Le geste méthodologique de l’auteure est celui défendu par le courant de la conscience du droit (Legal Consciousness Studies) qui connaît depuis plusieurs années un incontestable succès dans les études sociojuridiques. Il opère un triple déplacement en s’intéressant à des individus ordinaires (et non des juristes de métier), aux usages (et non aux règles de droit) et aux formes de dissémination juridique (le droit est partout et pas seulement dans les documents juridiques). À cet égard, l’ouvrage s’appuie efficacement sur l’enquête maîtresse de Patricia Ewick et Susan Silbey, The Common Place of Law: Stories from Everyday Life Footnote 1. Leur célèbre trilogie (devant le droit, avec le droit et contre le droit) donne à Alexandra Bahary-Dionne la structure de son chapitre 3, consacré à « la conscience du droit en contexte numérique ». Dans ce chapitre, à partir d’une analyse des conversations, l’auteure expose les représentations spécifiques que les groupes étudiés se font du droit. Elle montre tout l’éventail des conceptions juridiques portées par les communautés numériques qui ont saisi combien le droit constitue une ressource dans leurs efforts pour se faire entendre. Ressource certes utile, susceptible d’instrumentalisation, mais fréquemment récalcitrante et frustrante. Le schéma triple d’Ewick et Silbey démontre, cette fois encore, sa capacité clarificatrice et didactique. Il pèche parfois par son schématisme et sa rigidité : Alexandra Bahary-Dionne ne sait pas toujours dans lequel des trois modèles placer certaines représentations du droit et est parfois obligée à des contorsions lorsque le « devant le droit » est aussi du « avec le droit » (p. 107) ou lorsque le « contre le droit » relève d’un usage « avec le droit » (p. 119).
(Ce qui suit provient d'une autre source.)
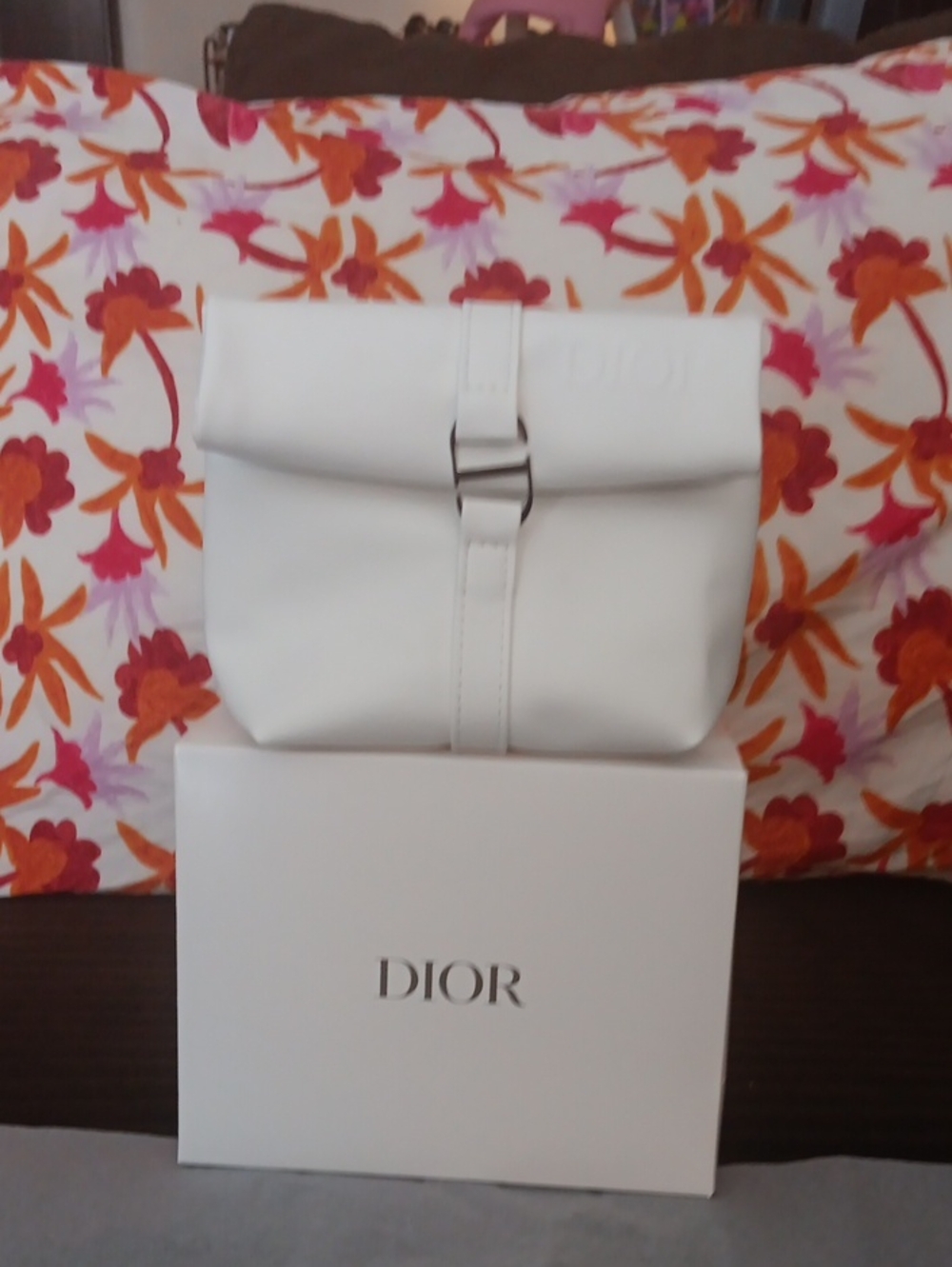 Dior White Leather Mini Roll-Top Shoulder Bag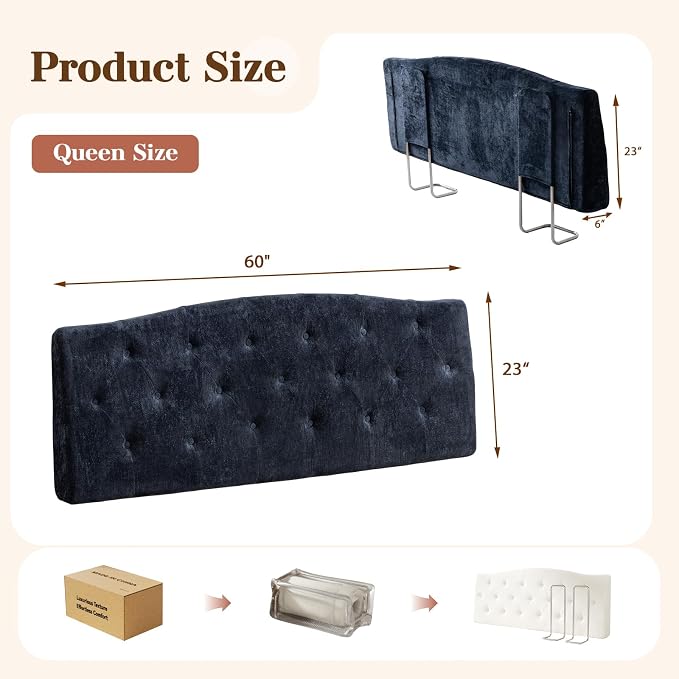Vamcheer Queen Upholstered Headboard Navy Blue, No Assembly | Ideal for Queen Bed; High-density Foam; Adjustable Height; Provides Soft Support; Luxury Texture Fabric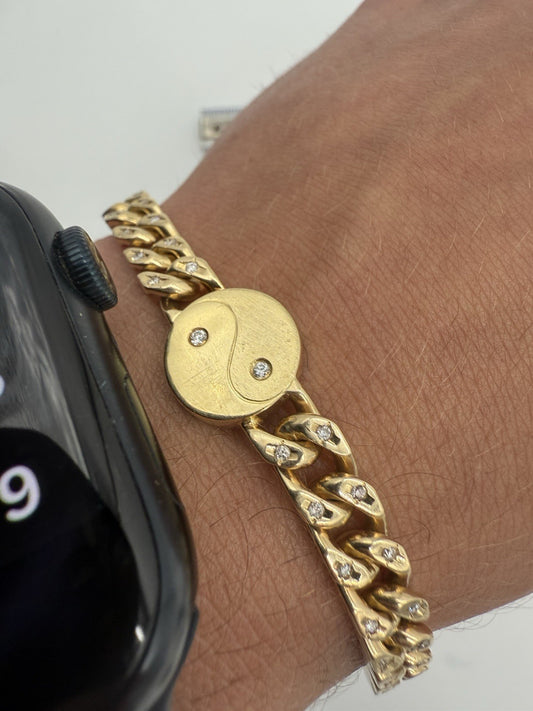 585 GOLDARMBAND MIT BRILLANTEN - YIN-YANG DESIGN - 14K GELBGOLD - 19cm
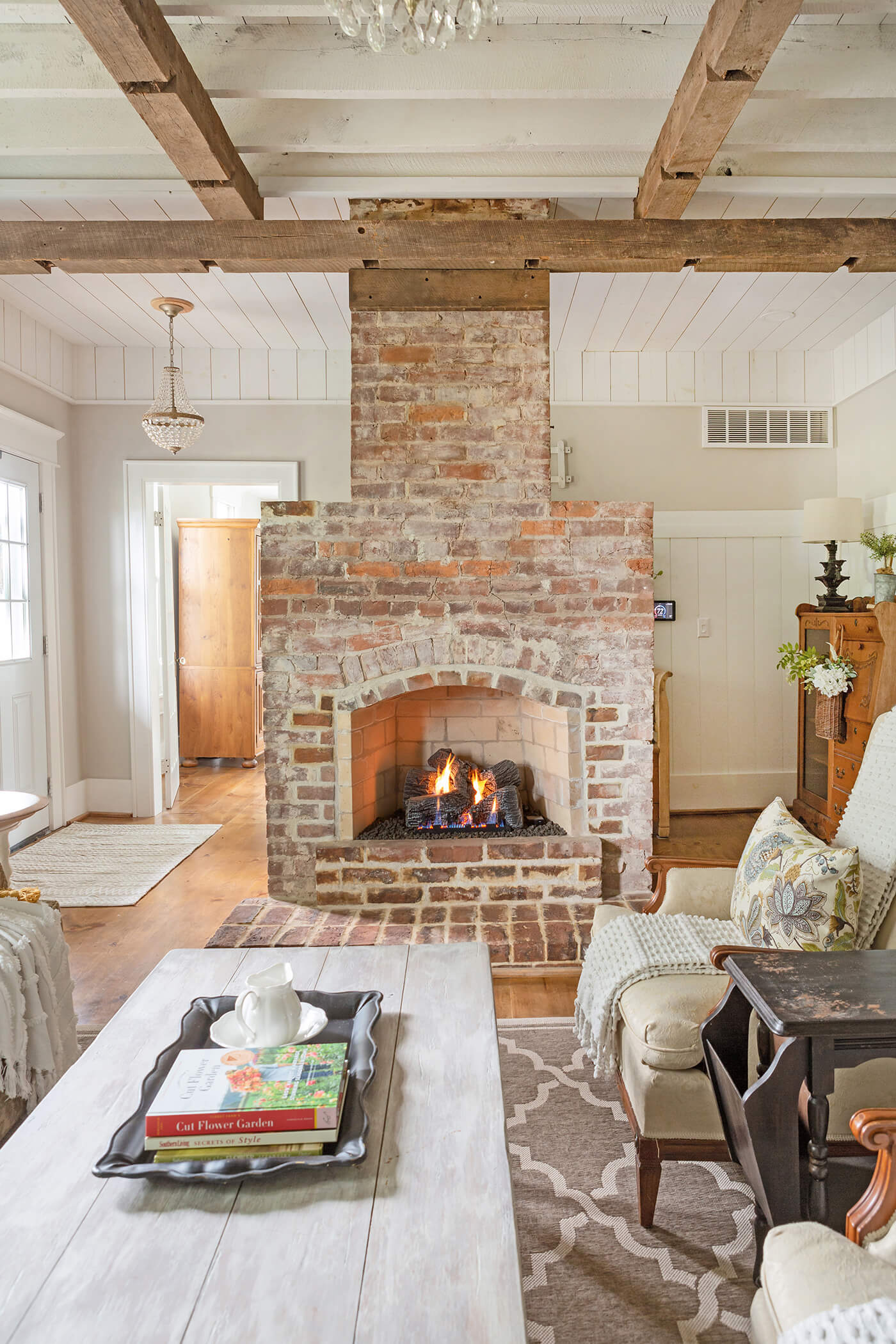 Living room with old fireplace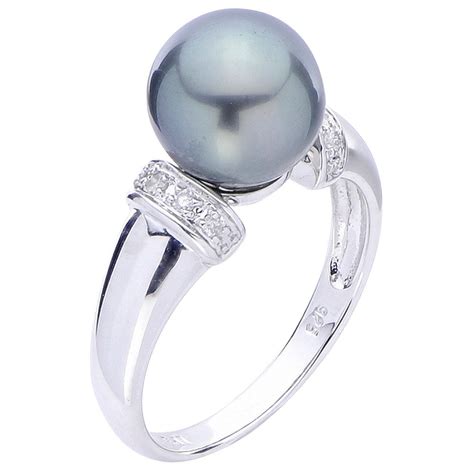 Mm Tahitian Pearl Diamond Ring In Sterling Silver Pearls Com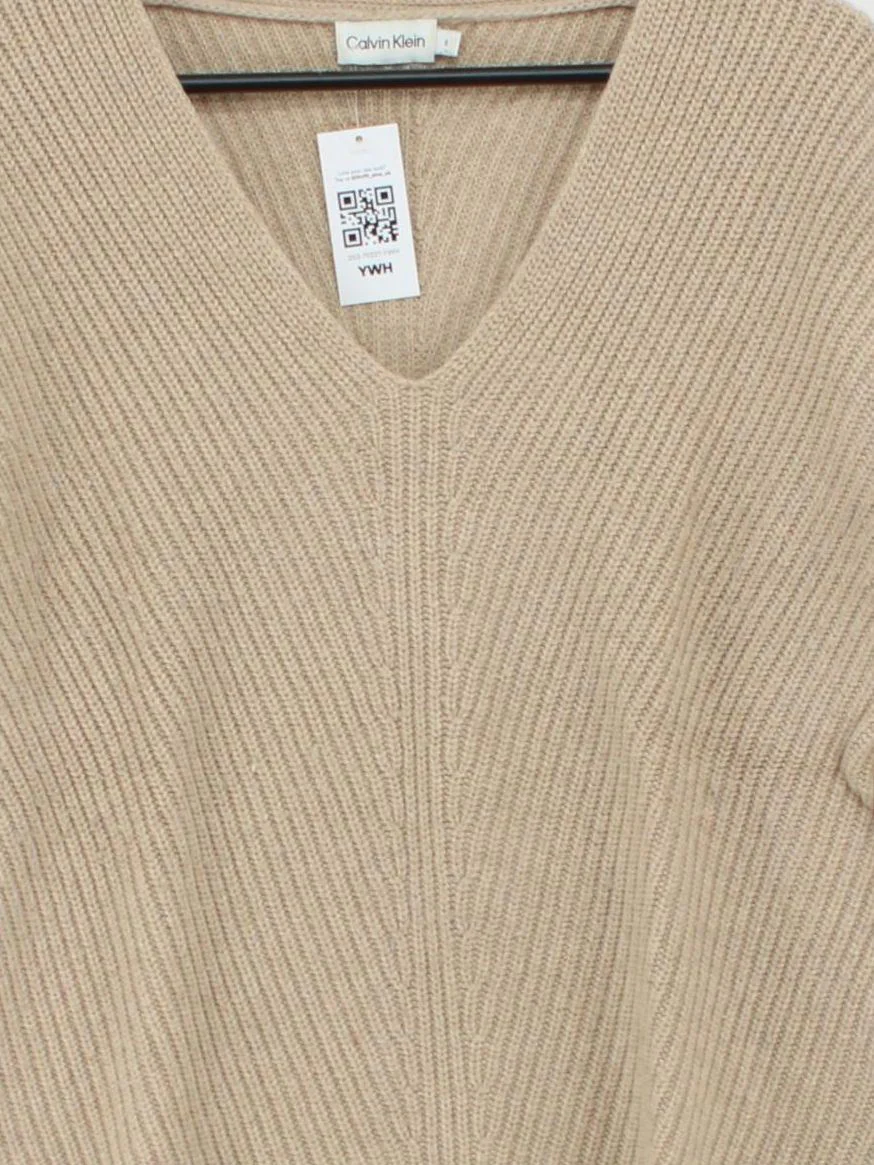 Calvin Klein Women's Jumper S Tan Wool with Polyamide, Polyester V-Neck Pullover - Image 3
Le chapitre le plus personnel et le plus inspirant est celui consacré à la conscience collective du droit et à une « jurisprudence de l’expérience » (chapitre 5). L’emploi du terme « conscience collective » est sans doute mal choisi ici : le chapitre s’écarte aussi bien du cadre des Legal Consciousness Studies que de la tradition durkheimienne. En réalité, l’auteure mobilise non pas le registre de la conscience, mais celui de l’expérimentation. L’objectif est de montrer comment des individus, s’appuyant sur des expériences personnelles plurielles, construisent collectivement des réponses juridiques à partir du Web social. Loin d’être une plongée dans les méandres de la psychologie des internautes, l’ouvrage suit à la trace les pratiques d’accumulation des données, et la façon dont les acteurs corrigent certaines idées et se coordonnent entre eux pour pouvoir agir. Ces communautés de pratiques produisent un savoir original, véritable stock d’informations activables en situation et pour des situations à venir (d’où cette judicieuse idée d’une « jurisprudence de l’expérience »).
Page après page, Alexandra Bahary-Dionne pose ainsi les bases d’un véritable programme de recherche sur le rôle des savoirs citoyens dans l’univers juridique. Il faut souhaiter qu’elle soit suivie par d’autres. Sur ce chemin des savoirs juridiques profanes, son livre constitue d’ores et déjà une étape marquante.